┌─ AVAILABLE DATA
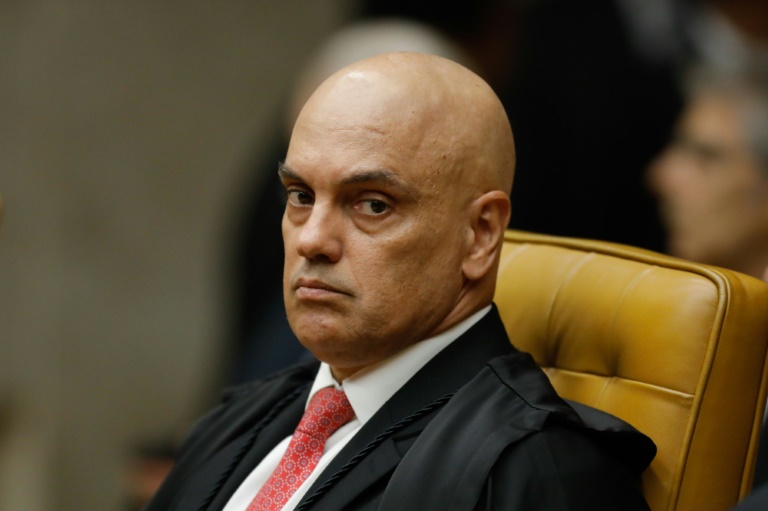 Moraes rejeita pedido de Valdemar e confirma decisão prejudicial ao PL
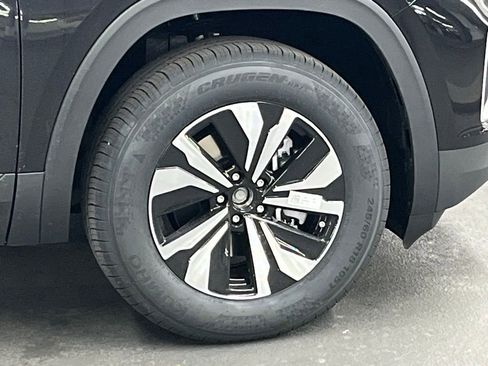 New 2026 Volkswagen Atlas Cross Sport SE image 39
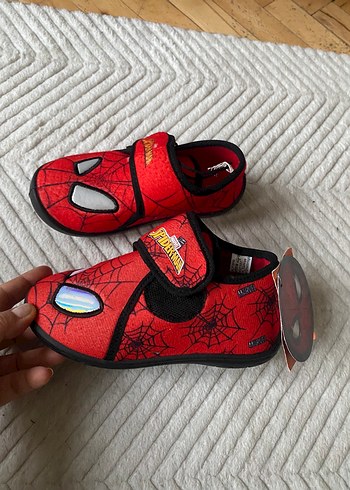 Kırmızı Spiderman Erkek Çocuk Ev Terliği - Görsel 2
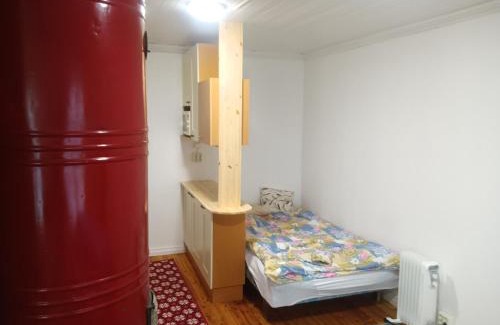 Tampere Apartment | Pieni asunto 25m2 vanhassa puukerrostalossa min 2 yötä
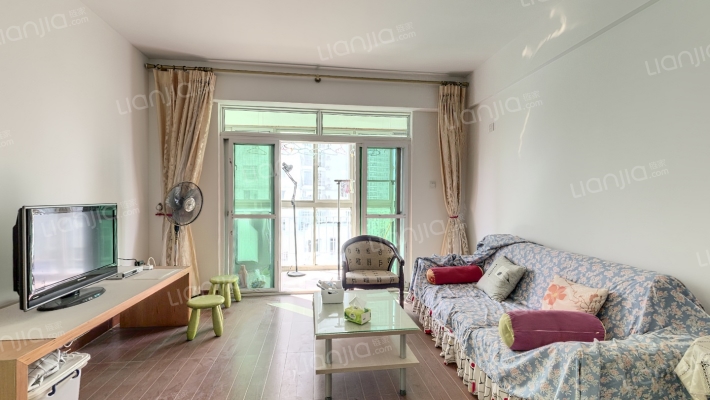 华宝雅苑二手房实景图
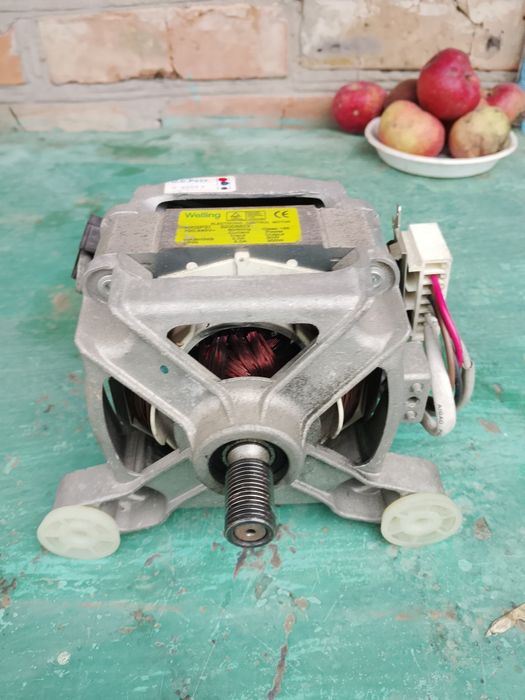 Двигун до пральної машини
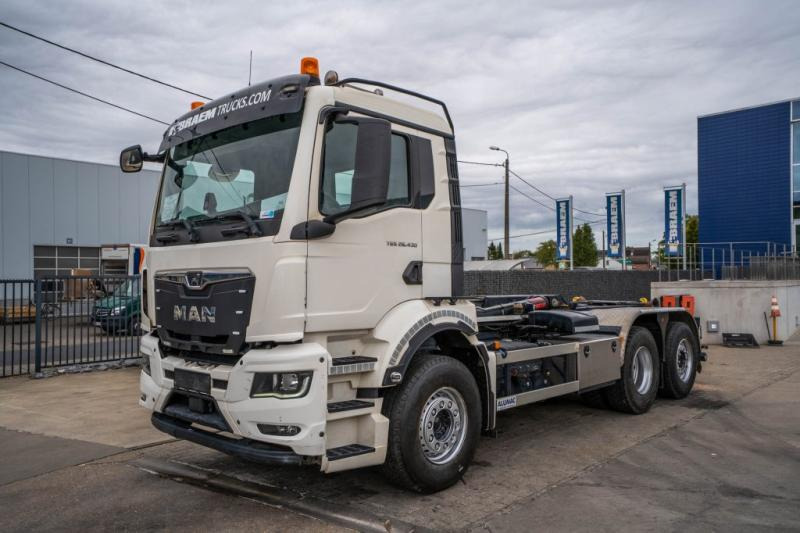 MAN TGS 26.430 6x2-4 BL - Pacēlājs ar āķi: foto 1 MAN TGS 26.430 6x2-4 BL - Pacēlājs ar āķi: foto 1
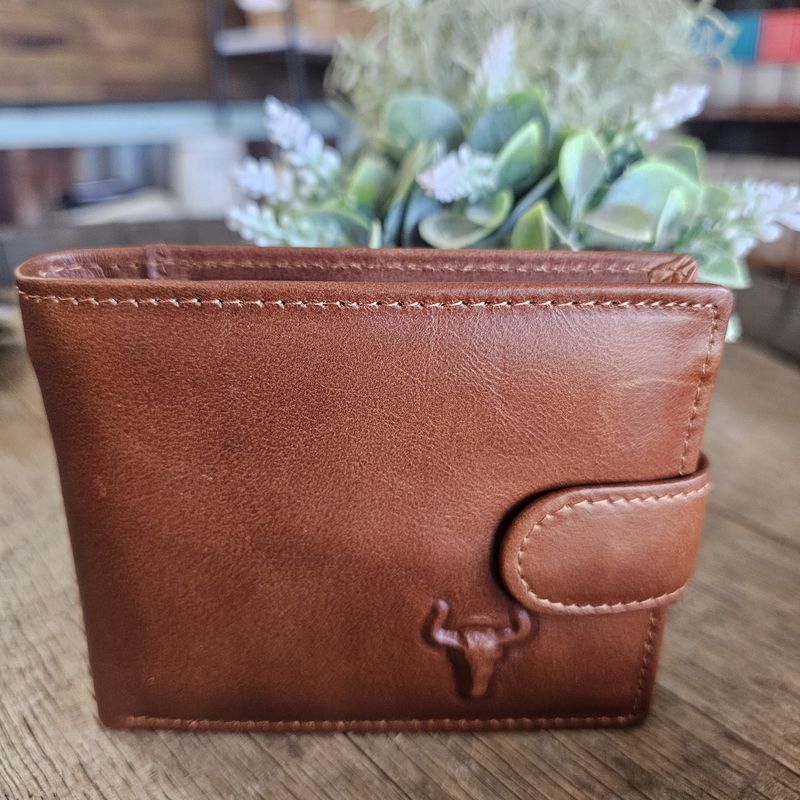 The Angus Tooled Bull Leather Wallet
└─
▸ **ASSIGNMENT**
Since the pictures don't belong in the copy, copy only the rest of the entries above exactly.

▸ **ANSWER SPACE**
 Moraes rejeita pedido de Valdemar e confirma decisão prejudicial ao PL
 New 2026 Volkswagen Atlas Cross Sport SE image 39
 Kırmızı Spiderman Erkek Çocuk Ev Terliği - Görsel 2
 Tampere Apartment | Pieni asunto 25m2 vanhassa puukerrostalossa min 2 yötä
 华宝雅苑二手房实景图
 Двигун до пральної машини
 MAN TGS 26.430 6x2-4 BL - Pacēlājs ar āķi: foto 1 MAN TGS 26.430 6x2-4 BL - Pacēlājs ar āķi: foto 1
 The Angus Tooled Bull Leather Wallet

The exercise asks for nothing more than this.